__Information given__
◆ ◆ ◆ ◆
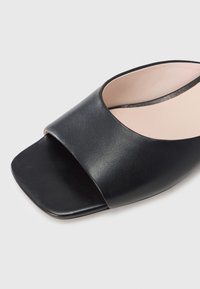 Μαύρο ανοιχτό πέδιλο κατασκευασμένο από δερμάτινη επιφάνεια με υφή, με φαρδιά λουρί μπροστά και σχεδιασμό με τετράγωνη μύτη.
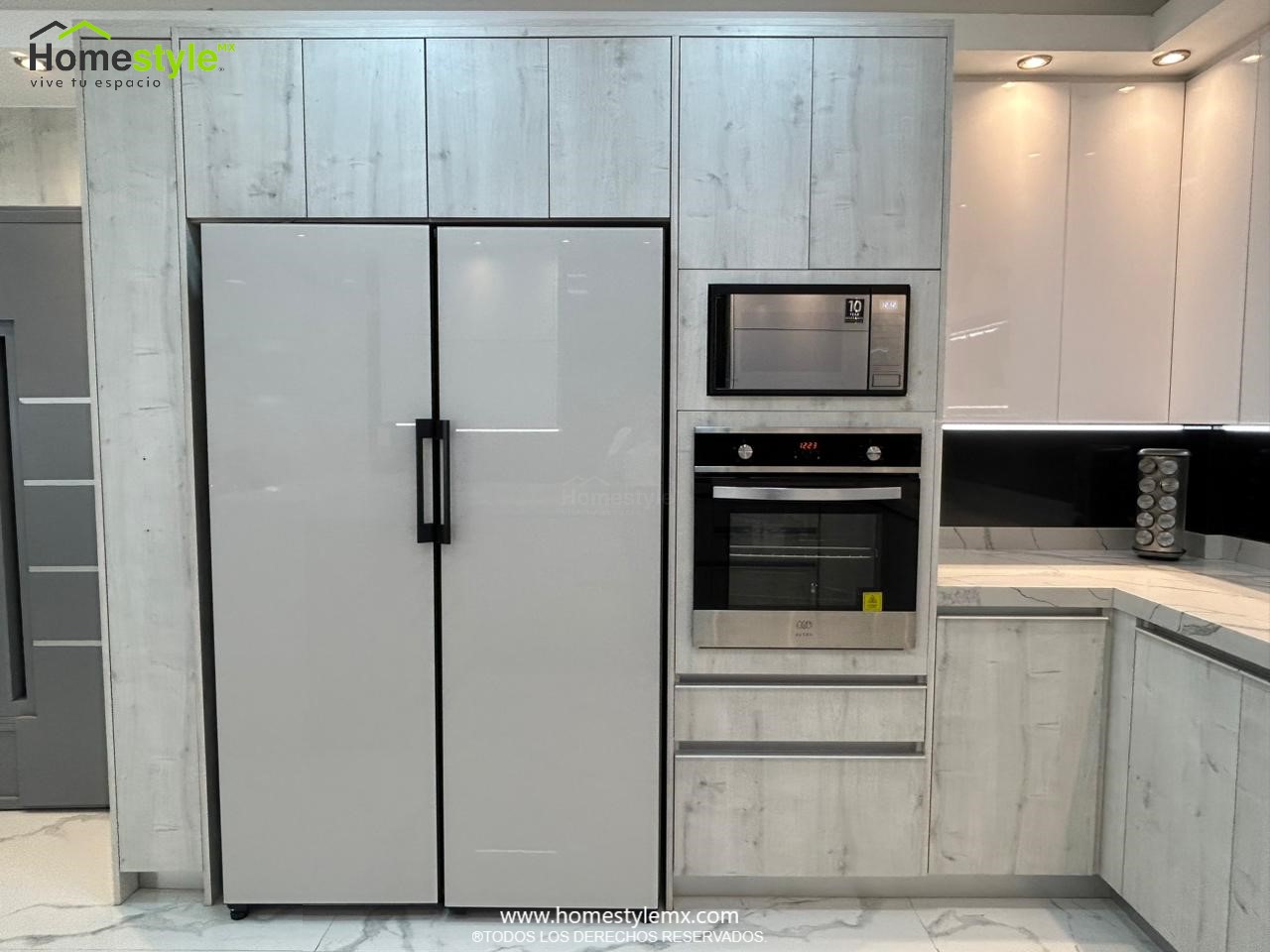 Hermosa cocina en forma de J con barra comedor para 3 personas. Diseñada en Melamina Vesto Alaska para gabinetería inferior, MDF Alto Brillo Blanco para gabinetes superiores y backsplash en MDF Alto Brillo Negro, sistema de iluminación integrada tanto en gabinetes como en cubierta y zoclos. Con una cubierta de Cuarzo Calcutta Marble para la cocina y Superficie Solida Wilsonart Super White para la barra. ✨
◆ ◆ ◆ ◆
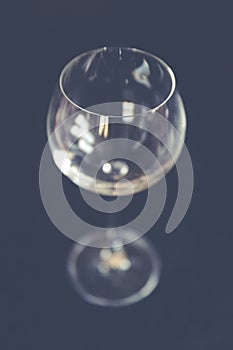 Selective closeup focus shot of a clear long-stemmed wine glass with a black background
◆ ◆ ◆ ◆
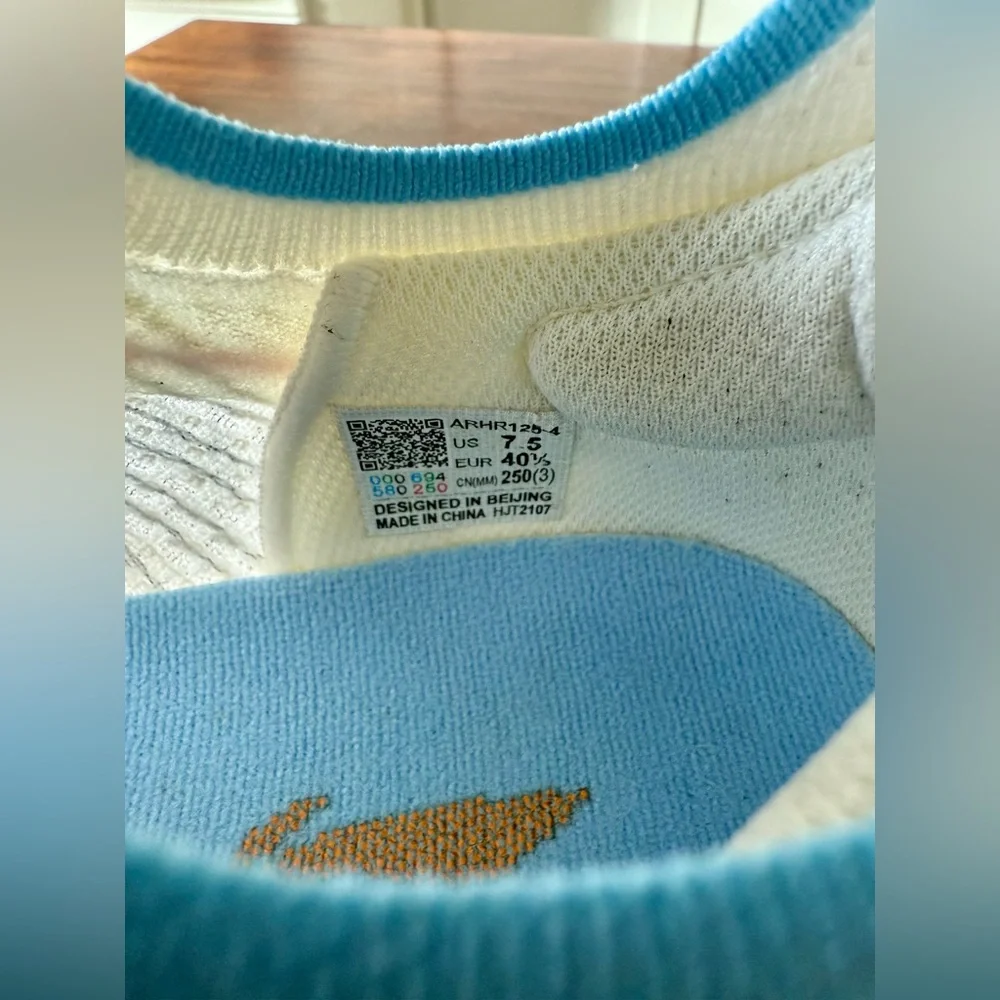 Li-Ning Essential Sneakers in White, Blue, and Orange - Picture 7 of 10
◆ ◆ ◆ ◆
__Exercise description__
Find the line with "Μαύρο ανοιχτό πέδιλο" in the entries above. Set down exactly every line from it up to and including the line with "Hermosa cocina en", images excluded.

__Output below__
 Μαύρο ανοιχτό πέδιλο κατασκευασμένο από δερμάτινη επιφάνεια με υφή, με φαρδιά λουρί μπροστά και σχεδιασμό με τετράγωνη μύτη.
 Hermosa cocina en forma de J con barra comedor para 3 personas. Diseñada en Melamina Vesto Alaska para gabinetería inferior, MDF Alto Brillo Blanco para gabinetes superiores y backsplash en MDF Alto Brillo Negro, sistema de iluminación integrada tanto en gabinetes como en cubierta y zoclos. Con una cubierta de Cuarzo Calcutta Marble para la cocina y Superficie Solida Wilsonart Super White para la barra. ✨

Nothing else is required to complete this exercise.